SUPPLIED INFORMATION
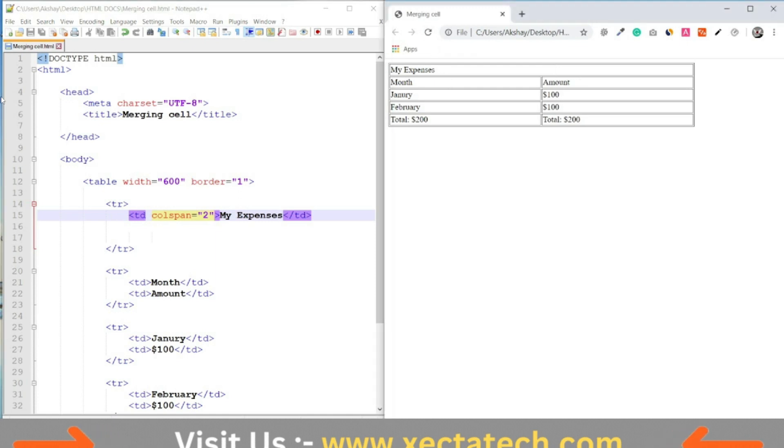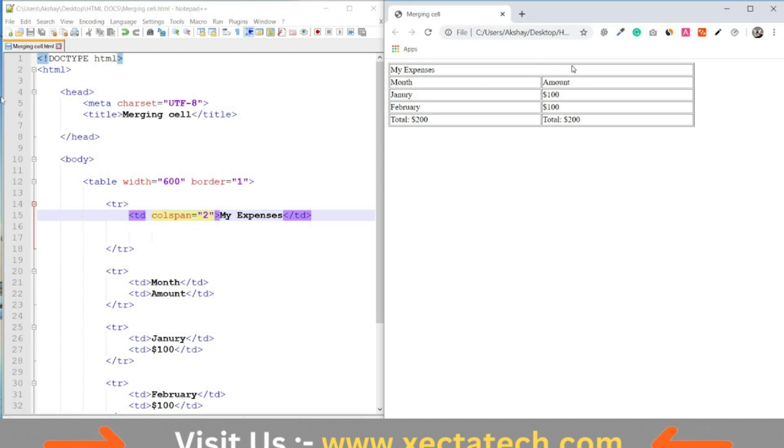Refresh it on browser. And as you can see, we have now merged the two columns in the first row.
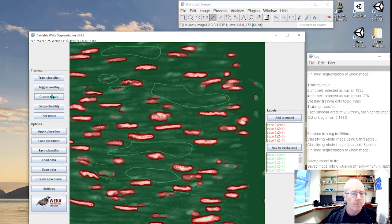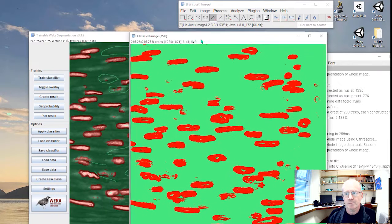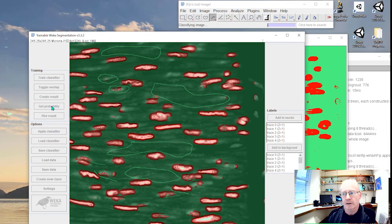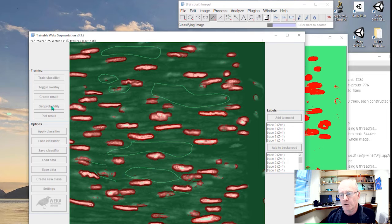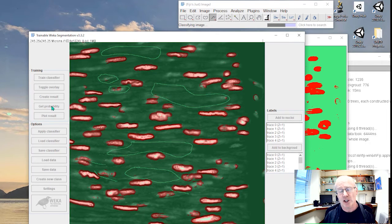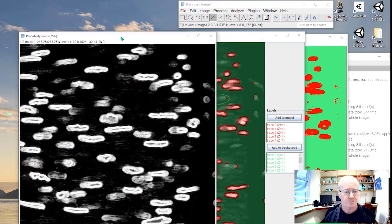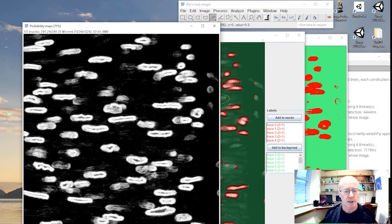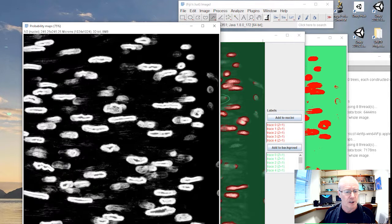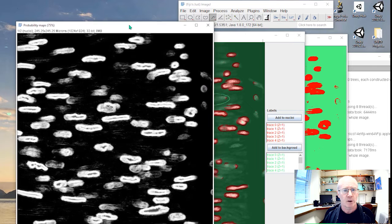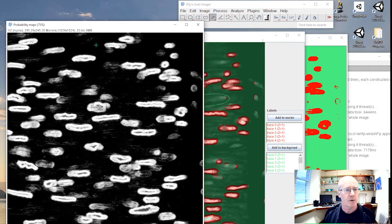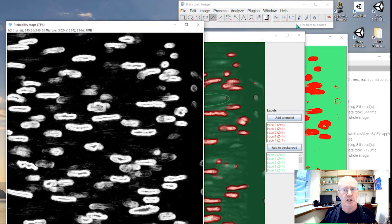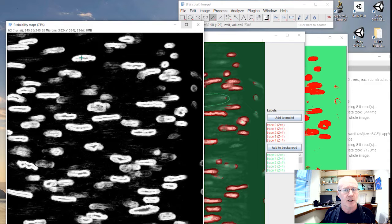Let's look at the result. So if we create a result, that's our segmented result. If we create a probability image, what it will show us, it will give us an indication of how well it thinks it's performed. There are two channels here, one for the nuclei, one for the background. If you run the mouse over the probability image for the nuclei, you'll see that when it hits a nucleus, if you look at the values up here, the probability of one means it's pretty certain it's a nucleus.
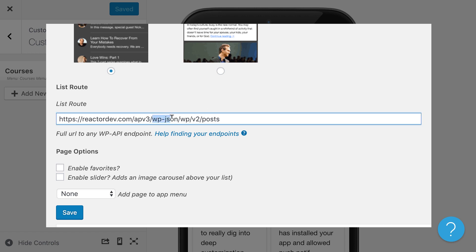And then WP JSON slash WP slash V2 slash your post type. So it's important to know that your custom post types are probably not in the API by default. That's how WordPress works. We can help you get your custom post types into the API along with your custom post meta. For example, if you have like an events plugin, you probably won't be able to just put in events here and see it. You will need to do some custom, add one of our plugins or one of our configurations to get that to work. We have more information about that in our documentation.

INSTRUCTIONS FOR THE TASK
What's needed is a word-for-word retyping of the listing, minus its pictures.

EXPECTED ANSWER
Refresh it on browser. And as you can see, we have now merged the two columns in the first row.
Let's look at the result. So if we create a result, that's our segmented result. If we create a probability image, what it will show us, it will give us an indication of how well it thinks it's performed. There are two channels here, one for the nuclei, one for the background. If you run the mouse over the probability image for the nuclei, you'll see that when it hits a nucleus, if you look at the values up here, the probability of one means it's pretty certain it's a nucleus.
And then WP JSON slash WP slash V2 slash your post type. So it's important to know that your custom post types are probably not in the API by default. That's how WordPress works. We can help you get your custom post types into the API along with your custom post meta. For example, if you have like an events plugin, you probably won't be able to just put in events here and see it. You will need to do some custom, add one of our plugins or one of our configurations to get that to work. We have more information about that in our documentation.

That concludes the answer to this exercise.